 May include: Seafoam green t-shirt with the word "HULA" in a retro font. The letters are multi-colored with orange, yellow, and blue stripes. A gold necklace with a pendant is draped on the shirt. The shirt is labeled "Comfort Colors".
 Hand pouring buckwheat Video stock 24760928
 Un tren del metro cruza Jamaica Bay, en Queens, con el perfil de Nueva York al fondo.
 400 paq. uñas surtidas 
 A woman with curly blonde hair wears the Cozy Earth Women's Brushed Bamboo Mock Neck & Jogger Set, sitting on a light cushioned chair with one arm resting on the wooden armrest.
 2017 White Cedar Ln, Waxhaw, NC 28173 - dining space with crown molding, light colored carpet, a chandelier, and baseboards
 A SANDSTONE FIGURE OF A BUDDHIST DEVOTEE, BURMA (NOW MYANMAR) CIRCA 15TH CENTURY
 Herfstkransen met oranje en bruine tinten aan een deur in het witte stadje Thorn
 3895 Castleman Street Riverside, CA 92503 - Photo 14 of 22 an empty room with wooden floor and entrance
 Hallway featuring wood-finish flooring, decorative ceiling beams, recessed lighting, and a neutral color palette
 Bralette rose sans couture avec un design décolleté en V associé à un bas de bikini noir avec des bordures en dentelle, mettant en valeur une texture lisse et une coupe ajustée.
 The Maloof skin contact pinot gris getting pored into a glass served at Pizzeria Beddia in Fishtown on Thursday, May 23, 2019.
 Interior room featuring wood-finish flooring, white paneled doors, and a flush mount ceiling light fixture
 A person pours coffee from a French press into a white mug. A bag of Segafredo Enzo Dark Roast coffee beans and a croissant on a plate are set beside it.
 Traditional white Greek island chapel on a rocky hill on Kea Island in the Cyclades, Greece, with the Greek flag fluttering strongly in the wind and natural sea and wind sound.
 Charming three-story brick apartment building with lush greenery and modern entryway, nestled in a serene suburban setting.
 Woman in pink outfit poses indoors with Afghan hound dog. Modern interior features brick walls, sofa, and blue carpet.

________

**PROBLEM DETAILS:** Look through the data above and return exactly the lines from the one that contains "Interior room featuring" to the one that contains "Traditional white Greek", inclusive, with nothing else.

**OUTPUT OF THE TASK:**
 Interior room featuring wood-finish flooring, white paneled doors, and a flush mount ceiling light fixture
 A person pours coffee from a French press into a white mug. A bag of Segafredo Enzo Dark Roast coffee beans and a croissant on a plate are set beside it.
 Traditional white Greek island chapel on a rocky hill on Kea Island in the Cyclades, Greece, with the Greek flag fluttering strongly in the wind and natural sea and wind sound.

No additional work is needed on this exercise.